Pitching for a place in the team
Everybody's doing it - in rugby, in football, the Kolpak players, Ed Joyce. Next, suitably inspired, Saqlain Mushtaq? The master offspinner and termed by many as the inventor of the doosra recently took to the field in Sussex whites after qualifying as a British citizen. England's search for a world-class performer in the spin department and Saqlain's craving for international action could see him don the three lions shirt as early as next year. "It now depends how desperate I am for the big comeback," he said. By the looks of things, very.

Had enough of cricket? Here, have some more

There's good news for cricket followers in the UK. Following the series against West Indies and India, Britain is set to host the 2007 Indoor Cricket World Cup.

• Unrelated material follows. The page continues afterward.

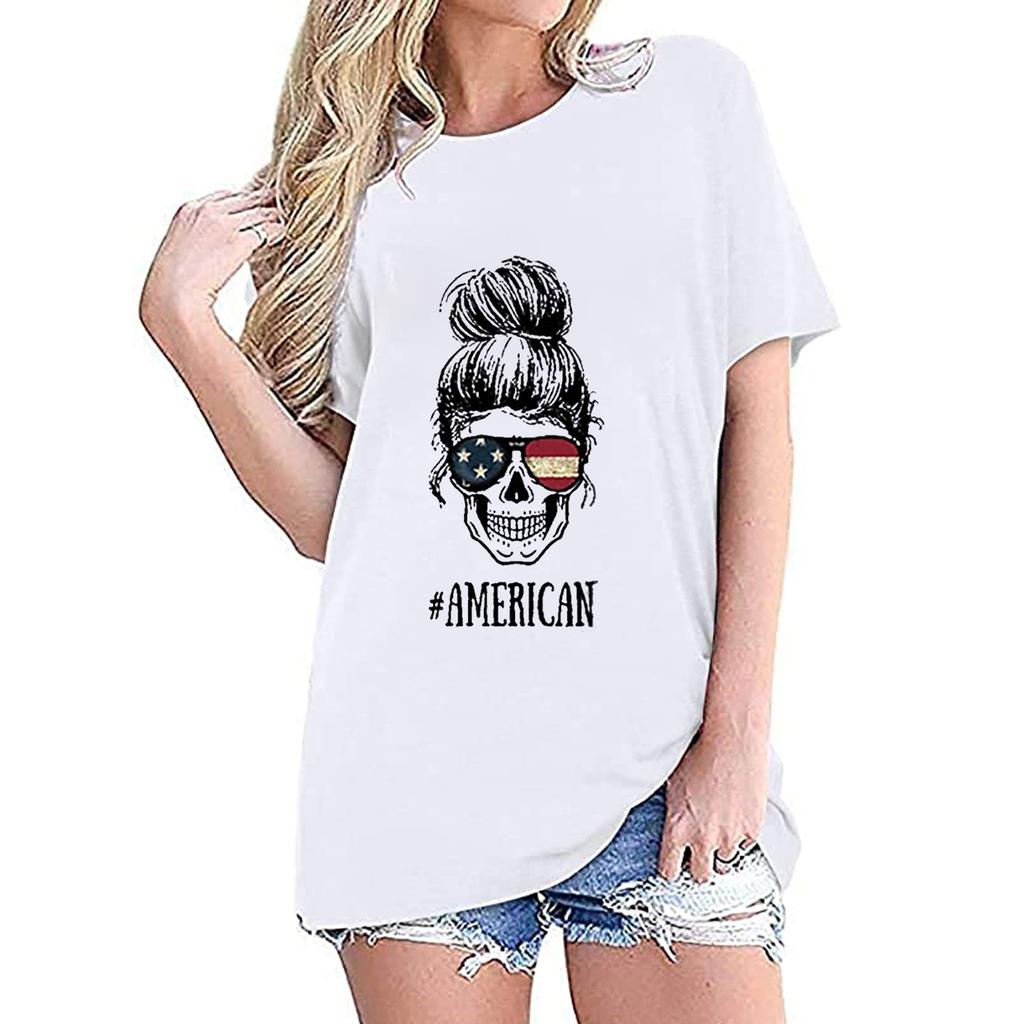 Frauen Casual Independence Day Druck Rundhals Lose Tops T-shirt Bluse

The event, to be held in Bristol during the last week of September, was launched last week and has confirmed participation from nine countries. The sixth version of the biennial tournament is slated to be the biggest, with junior teams also competing for a trophy of their own. "You can play indoor cricket during the off season to keep your skills sharp," commented Syd Lawrence, president of the England Indoor Cricket Association. Well, at least with this version there won't be rain stoppages as a result of the wonderful "summer" we've seen so far.

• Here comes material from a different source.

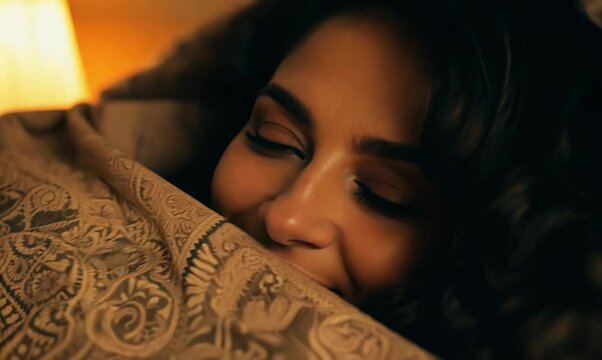 Iranian Woman Enjoying Warmth Under Covers at Home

Monty adds to his artillery

Adding to the joy of cricket fans in the UK, Walkers have announced a new flavour of crisps - chilli and lemon. The product, specially designed for the UK's growing south Asian population, boasts packaging that features information in Hindi. And considering that the likes of Gary Lineker - who has been the face of Walkers since 1995 - surely won't be able to stand all that spice, Walkers have looked for an alternative and found ... Monty Panesar! The new crisps will be launched with a massive marketing campaign featuring radio ad spots with Monty, an appearance at the Asian Lifestyle Show, and giveaways at cricket matches. Monty himself described the whole thing as a new challenge and predicted its success with the UK's Asian communities.

The language barrier. No more

World Cup 2007 was a nexus of nightmares for Pakistan; early exit, death of coach, retirement of captain. But before all that, the team were banned from talking in English - more due to their lack of familiarity with the language than anything else. To counter problems of that sort, Shoaib Malik has started taking English lessons from a specially appointed tutor. According to a close friend of the new captain, "Malik is very serious about his image and that of the country." The Pakistan Cricket Board has for once picked up on the players' weakness and has not only asked other players to follow suit, but is also looking to have language classes for young players attending the National Cricket Academy and training camps. Alas, no more "Thanks to the boys who play very well".

A surprise to forget

You have been bowled out for 62, Muralitharan has snapped up a horde of wickets, and Sangakkara has racked up a double hundred. You arrive at your hotel hoping to catch some rest, and hopefully a change of fortune for the next Test. Not if you're Mohammad Rafique, who found a welcoming band of monkeys waiting in his room. "They just attacked me once I entered my room. Hotel authority immediately dispersed them by shooting blanks," said Rafique, who was not amused by the surprise party. He had earlier bowled 35 overs in the second Test without any success and, following the monkey-attack, announced that he would be skipping the ODIs altogether.

In need of a break

There has been plenty of criticism directed the West Indies Cricket Board's way following the doomed World Cup, Brian Lara's parting shots, and most recently, the controversy over a media article by Chris Gayle. Keeping with the trend, Dave Martins, of the band Tradewinds, has recorded a satirical calypso suggesting the WICB "Take a Rest". Distributed to radio stations across the Caribbean, the song takes a shot at the board's handling of recent situations, especially on the administration front, and has lyrics that say, among other things, that the board made "Holding and Richards cry". Martins has said he wants a "real campaign going in each island", with "simple signs all over the place, even bumper stickers" in order to do the trick. Who knows, we might see a resurgence of the mighty West Indies yet.